生まれ育ったのはメキシコ中部のケレタロ。より安定した仕事を求め、家族で米国の国境近くの街に引っ越したのは5歳の時だ。母親は観光客にオトミ族手づくりの人形を売り、父は建設業に携わり、10人の子どもたちもみな何らかの仕事をしていた。
10代になると友人たちはギャングの仲間入りをし、薬物の密輸に手を染めていた。しかしフェリックスは14歳の時、ましな仕事に就きたいと国境を越え、米国でブドウの収穫を手伝う季節労働を始める。仕事はハードだったが、収入はよかった。

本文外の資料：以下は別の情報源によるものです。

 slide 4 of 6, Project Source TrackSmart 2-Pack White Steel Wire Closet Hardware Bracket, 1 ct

その後結婚し3人の子どもに恵まれたが、結婚生活は13年で終わりを告げた。仕事を求めてさらに北上し、シアトルのあるワシントン州にたどり着くも、働いていた農場では小さなトレーラーの中で生活し、労働環境は劣悪だった。報復や逮捕を恐れてみな声を上げなかったが、フェリックスは「みんなで声を上げれば、必ずその声は聞かれるはずだ」と信じ、同僚たちにかけ合った。「声を上げないと、神様だって聞いてくれないからね」
フェリックスは米国に来て初めて「ホームレス」という言葉を知った。いつもはスペイン語で話す彼が、この言葉だけは英語になる。シアトルに到着して2〜3年は路上生活をしていたが、それは離れて暮らす子どもたちや両親に仕送りをするため。つらい時は、財布に入れてある末娘の写真に癒やされた。

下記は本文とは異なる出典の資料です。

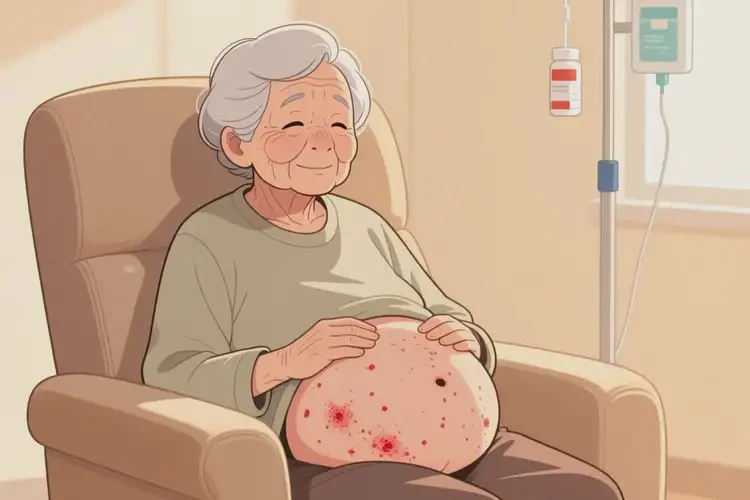 老人屁股上有濕疹不管它會(huì)自己自愈嗎(圖3)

毎年開催するこの集会も初めは5〜6人だったが、今年は70人ほどが参加したという。「ポコ・ア・ポコ(少しずつ)だね。物事にはすべてタイミングというものがある。機が熟すその時までは、外に出て、互いに助け合うのみさ」
※掲載内容は取材当時のもののため、現在と異なる場合があります。